Since then, the world has operated with the dollar as a fiat global currency. Unlike gold, which embodies value, paper dollars have no intrinsic value. They can function as world money, facilitating trade, investment, credit and acting as a store of value to the extent they are backed by the economic power of the US state and its financial system.
That power is now increasingly called into question. It was severely shaken by the global financial crisis of 2008, originating in the orgy of speculation by US banks, which, but for massive intervention by the Federal Reserve, would have led to the collapse of the world financial system.
Since then, it has been delivered further major shocks including in March 2020 at the start of the pandemic. The US Treasury market froze for several days—there were no buyers for US debt, supposedly the safest financial asset in the world—and the Fed had to again intervene to the tune of around $4 trillion.
The role of the US dollar has provided enormous advantages to US imperialism. It has allowed it to run up deficits and debts, much of which has been used to finance military spending and wars, in a way not possible for any other economy.
There are now very clear indications that as a result of this process, a new crisis is brewing which has parallels with what took place in 1971, but at a much higher level.

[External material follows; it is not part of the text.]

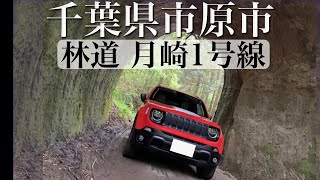 千葉県市原市 林道 月崎1号線 - Driving on Tsukisaki Forest Road No.1 with Jeep Renegade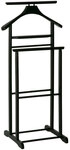 Herrendiener FUNNY 47 x 102 x 36 cm Massivholz schwarz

As Foroohar noted in her comment piece, echoing sentiments expressed at the highest levels of the US financial system, including by Fed chair Jerome Powell, the pile-up of US government debt is “quickly becoming unsustainable.”
“The most recent Congressional Budget Office (CBO) projections put US debt as 99 percent of GDP at the end of this year, and have it on track to reach 172 percent by 2054. If this happens the result would be monetisation [a situation where assets based on debt would essentially become worthless], inflation, financial repression and a period of extreme chaos in monetary policy and markets.”

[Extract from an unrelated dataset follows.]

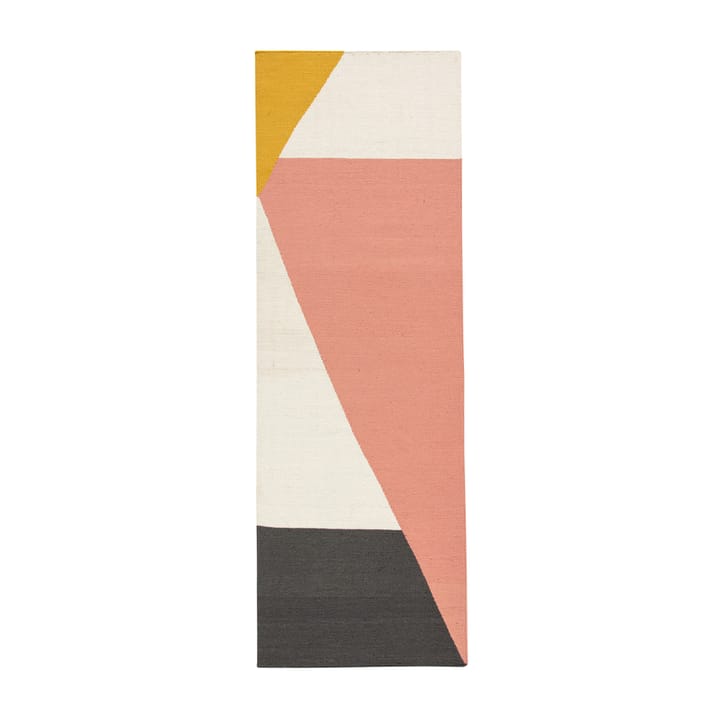 Tappeto Kelim Stripes blocks rosa - 80x240 cm - NJRD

Such a situation is not 30 years down the track but very much an emerging present-day reality because of the accelerating growth of the debt mountain. When interest rates were near zero, because of the Fed’s quantitative easing program, the problem could be covered over.
Not any more, with the Fed rate at around 5 percent, the highest in 20 years.
According to the CBO, the US budget deficit will rise by almost two-thirds over the next decade, from $1.6 trillion to $2.6 trillion, with three-quarters of that rise coming from the interest bill, making it a larger component than the bloated military budget.
The potential for a financial crisis in the near future was indicated by the director of the CBO, Phillip Swagel, in an interview with the FT last month.
He said the US fiscal situation was on an “unprecedented” trajectory, raising the risk of a Liz Truss-style financial crisis when the short-lived UK prime minister tried to finance tax cuts for corporations and the wealthy in September 2022 by running up debt.
There are decisive social, economic and political—that is class issues—in the present situation.
It appears at times that the financial system operates somewhere way above everyday life, even assuming a kind of illusory character as central banks create money out of nothing with the press of a computer button. However, in the final analysis, it depends on the value which can be extracted from the working class in the real economy.
As the bitter experiences of 2008 revealed, a financial crisis means sweeping attacks on wages, the destruction of jobs and the evisceration of vital social services.
Another crisis, for which all the conditions are being created, will bring an even deeper assault. One of the warning signs is the rising price of gold—the historically-determined ultimate store of value.